Just like restructuring a company due to the risk of going bankrupt, as mentioned earlier by Suzzanne Uhland, bankruptcy litigation is also a very challenging and complex endeavor. It requires a sheer array of tactics as well as some other mechanisms. For both parties, financial expectations can differ from the reality of the situation, which makes things worse taking into account that commitment and compromise is no less than vital. As seen in the past months, several developments have emerged, and new precedents have also been settled around this topic. Thus, bankruptcy litigation will likely remain as one of the most popular tools for creditors in really tough bankruptcy cases—where many things are actually at stake. It is also likely to remain as the most used process to come up with workable solutions for creditors, stakeholder and, of course, debtors alike.
That being said, it is pertinent to provide a general overview of some trends that have been arising in bankruptcy litigation in the recent months. There have been several developments around this topic for quite some time. There continues to be a considerable amount of litigation involving Stern litigation, in regards to the extent of both jurisdiction and power of a particular bankruptcy court. Complex bankruptcies have resulted in the emergence of other, and different, litigation tactics. For instance, the Detroit bankruptcy always involved an extensive mediation team composed of six mediators and five bankruptcy judges. After assessing the success of the Detroit mediation process, Atlantic City chose a mediator to assist in other restructuring negotiations (out of court). In light of these tactics, litigation has become a more popular way for creditors involved in really tough bankruptcy cases, and many tactics actually motivate individuals to pursue litigation specially tailored to slow down and even derail restructuring efforts.

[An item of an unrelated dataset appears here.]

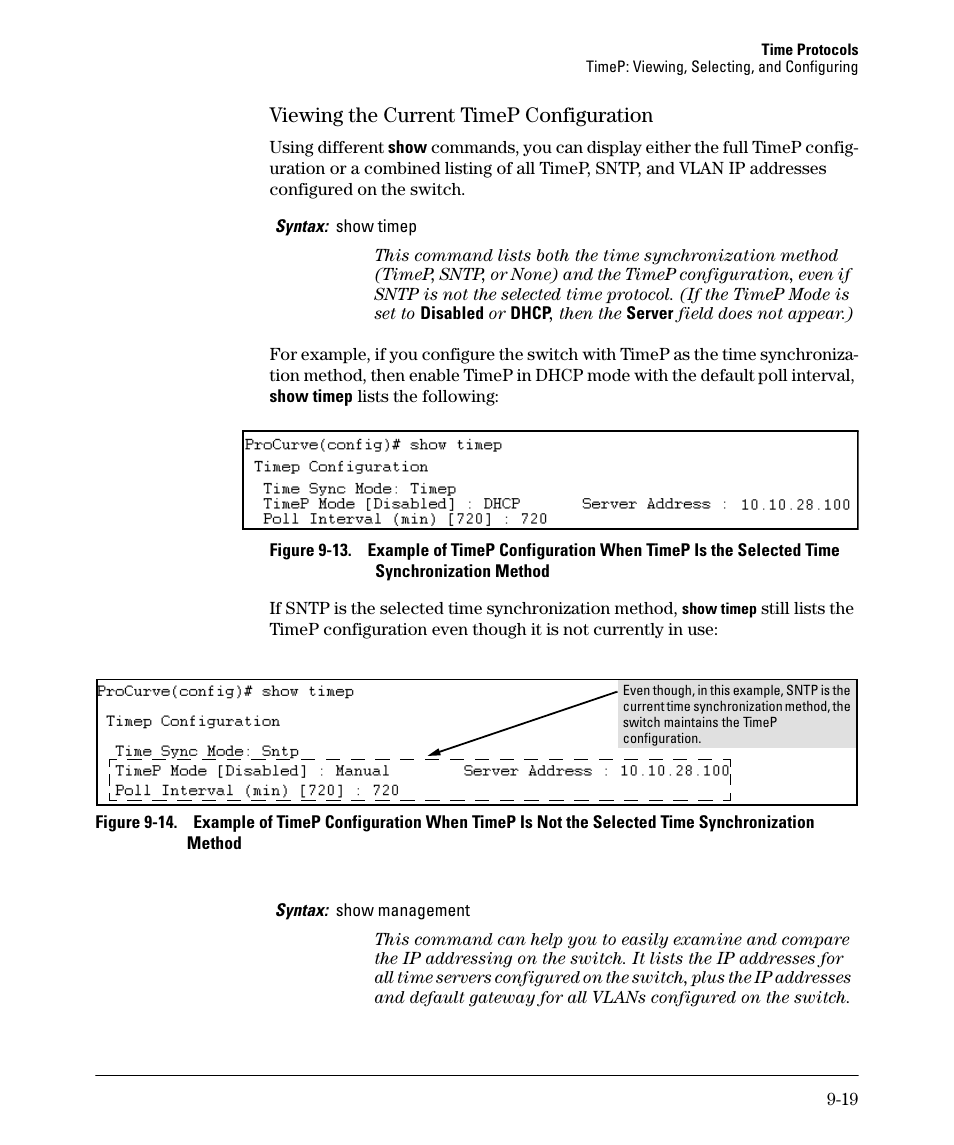 Viewing the current timep configuration, Viewing the current timep configuration -19 | HP 2910AL User Manual | Page 207 / 618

But where does all this come from? Bankruptcy, as mentioned in previous articles, is simply a legally declared state of insolvency—or the incapability of paying bills. The primary purpose of filing for Chapter 11 is to overcome such situation, as it helps both companies and individuals get out of such dreary situation. In such sense, bankruptcy litigation commonly refers to the legal process that seeks to provide companies and individuals with debt relief via a bankruptcy court. In the United States, this process can be initiated on the behalf of all parties involved: Article 1 Section 8 of the American Constitution directed Congress to come up with regulations governing the process of bankruptcy. As a consequence, all cases are handled in different federal courts and not at other levels such as the state level. As stated in other articles, filing for bankruptcy can be both an involuntary or voluntary act. In involuntary cases, it is forced via the creditor; in voluntary cases, it is filed by the debtor.
However, there are three main types of bankruptcy named after several sections of the American code: Chapter 7 and Chapter 13 were commonly conceived to be used by individuals, whereas Chapter 11 has traditionally been used by companies and businesses. In regards to litigation, Chapter 7 is also called liquidation: a process that seeks to sell all the debtor’s non-exempt assets, thusly distributing the resulting amount to creditors. In several cases, the debtor manages to keep the vast majority of their assets while relieving some of their debts.
Litigation in light of Chapter 13 requires the debtor to come up with, and subsequently submit, a three to five-year plan for repaying the debt. This way, the debtor manages to keep their home and their assets, and forces creditors to reduce, or even eliminate, interest on the debt. Chapter 11, on the other hand, is perhaps the most used way to overcome difficult financial situations. As per discussed in other articles, filing for Chapter 11 involves many things such as restructuring in order for the company to stay operational, so that it manages to ultimately pay off debts via future income and earnings. There are several types of debts, however, that cannot be relieved via bankruptcy such as federal taxes, child support and alimony, practically all kinds of student loans, amongst others.
Bankruptcy varies from country to country, and the consequences often affect companies differently. In Canada, for instance, bankruptcy litigation is only available to partnerships and individuals, and it basically consists mainly of liquidation. In the United Kingdom, debt relief via bankruptcy is somewhat easy to do; however, some consequences seem to linger afterwards.
In short, bankruptcy litigation is the perfect opportunity for individuals and companies to overcome the daunting challenge of facing a staggering debt and start all over again. This, however, is only advisable after having assessed and pursued other alternative due to the, sometimes permanent, consequences. It is also advisable to always seek financial counseling prior to recklessly rushing into conclusions.